Shields Up!, a Resto Shaman blog, has a post up titled, “Why 3.1 Mana Spring Totem change doesn’t kill kittens.”
Surprisingly, Resto players don’t seem to mind that Mana Spring will be remade into a carbon copy of Blessing of Wisdom, the drawback being that the two buffs won’t stack.
I’m not upset and I don’t even think it is a bad change. This is a nerf to all shamans, yes, but it’s not the nerf bat hitting us because our mana regen was totally out of line. It was a change that comes in the line of many we have seen over the last few months, letting every class provide more raid wide buffs and reduce group based spells/buffs. And a pretty powerful Mana spring Totem that even stacked with additional manaregen Totems is just not ok with the path blizzard wants to take.
For Resto, the main concern is that they’ll still have to put talent points into Restorative Totems to get to Mana Tide. Restorative Totems has been streamlined from five points down to three, but that’s still bloat and not much consolation for having to waste three points that could better be spent elsewhere.
Of course, this isn’t a Resto Shaman blog, so you might be wondering why I’m writing about it. Put simply, this is another totem we will no longer be able to drop, one more tiny bit of utility taken away in favor of class homogenization. As it stands now, Mana Spring stacks. I often find myself dropping only Mana Spring and Magma Totem in my guild’s 25-man raids, because our Death Knights provide both Horn of Winter and Icy Talons.
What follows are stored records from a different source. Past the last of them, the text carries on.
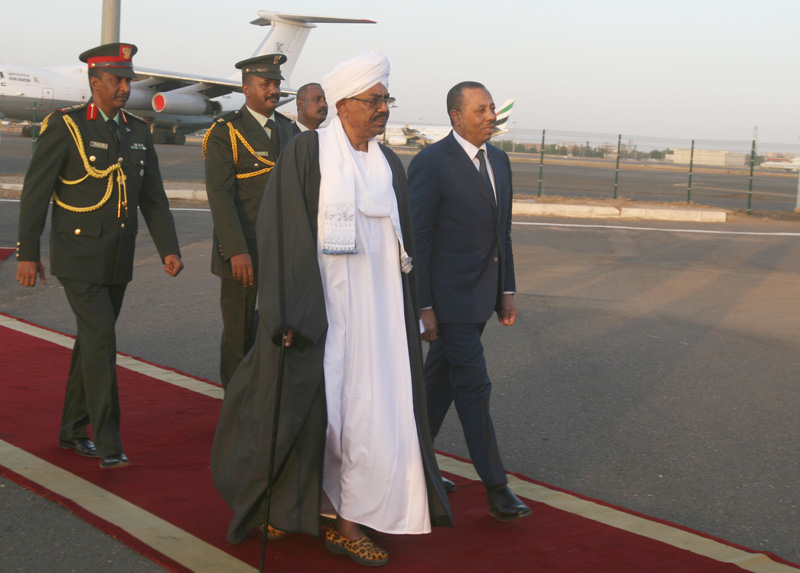 Thinni in Khartoum to rebuild relations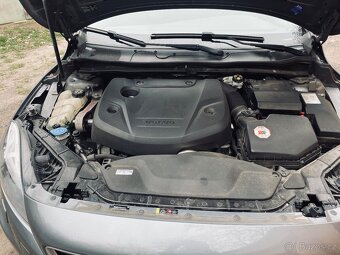 Volvo v40 R Design - 7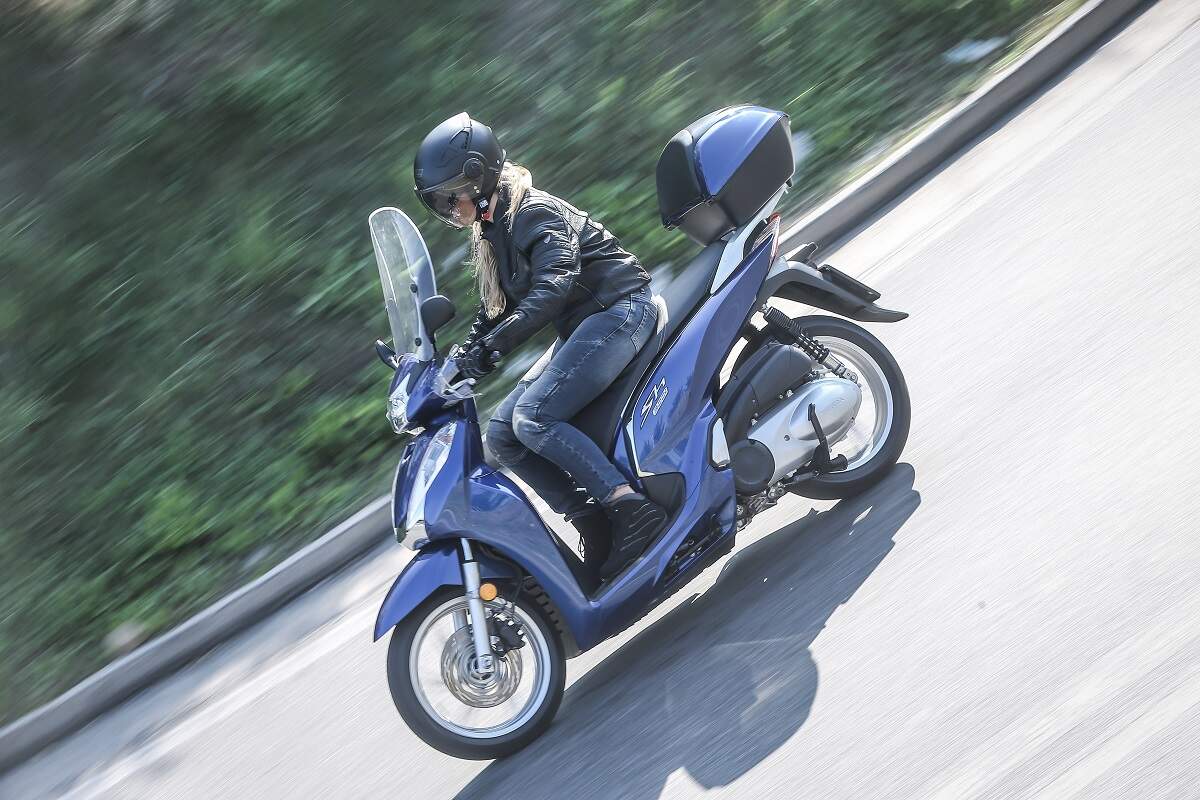No asfalto com pneu Pirelli Angel Scooter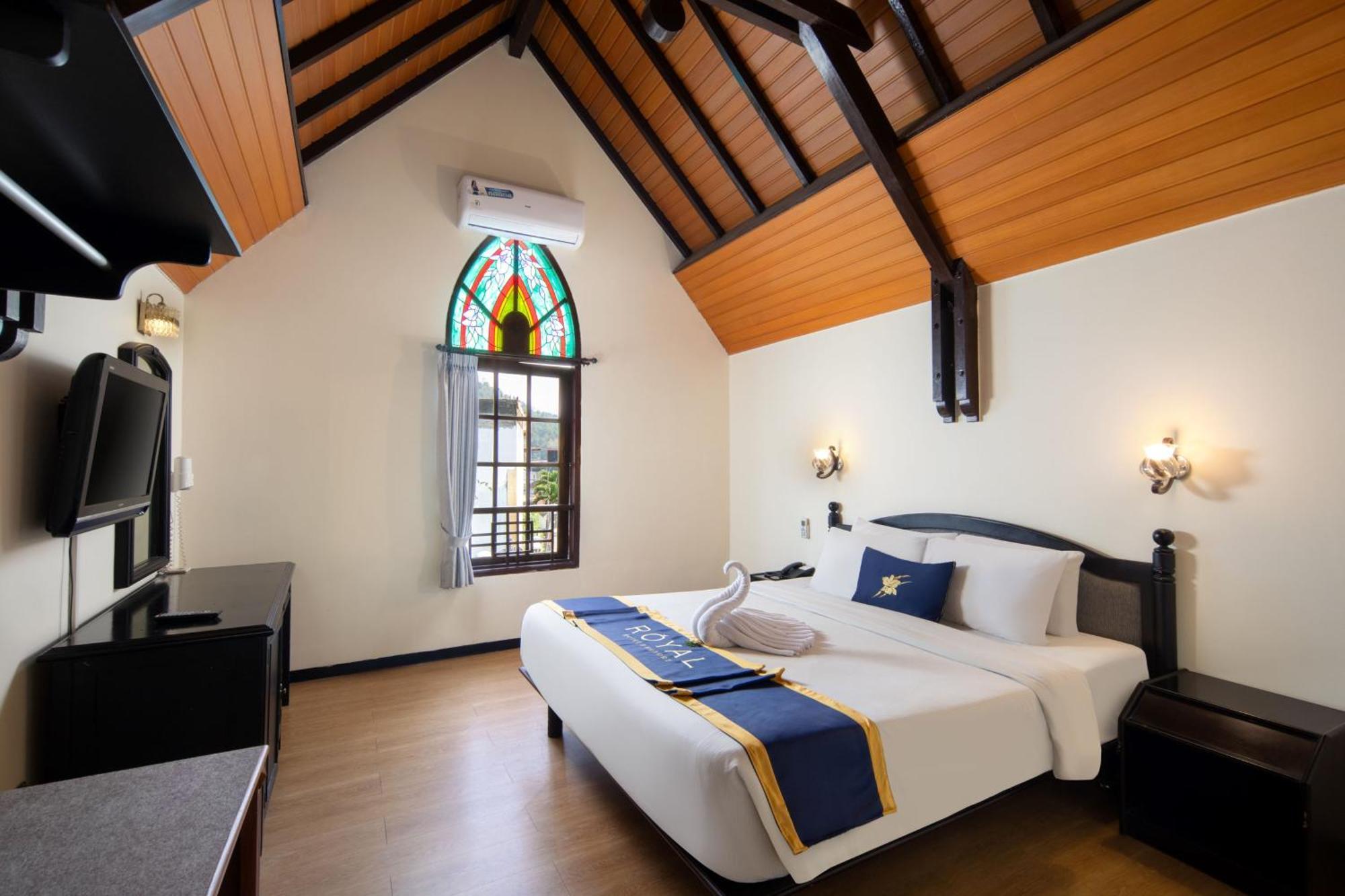 Royal Hotel And Villa Batu Batu  Ngoại thất bức ảnh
Neither may be as good as the fully-talented Shaman versions, but on fights like Grobbulus and Heigan, a buff with constant uptime is a better choice over an immobile totem.
And let’s face it — there isn’t massive QQ out of the Enhancement Shaman community because fewer totems to drop means more global cooldowns to use for our own personal DPS. But as each small piece of utility is stripped away, you’ve gotta wonder how much actual enhancement remains in Enhancement.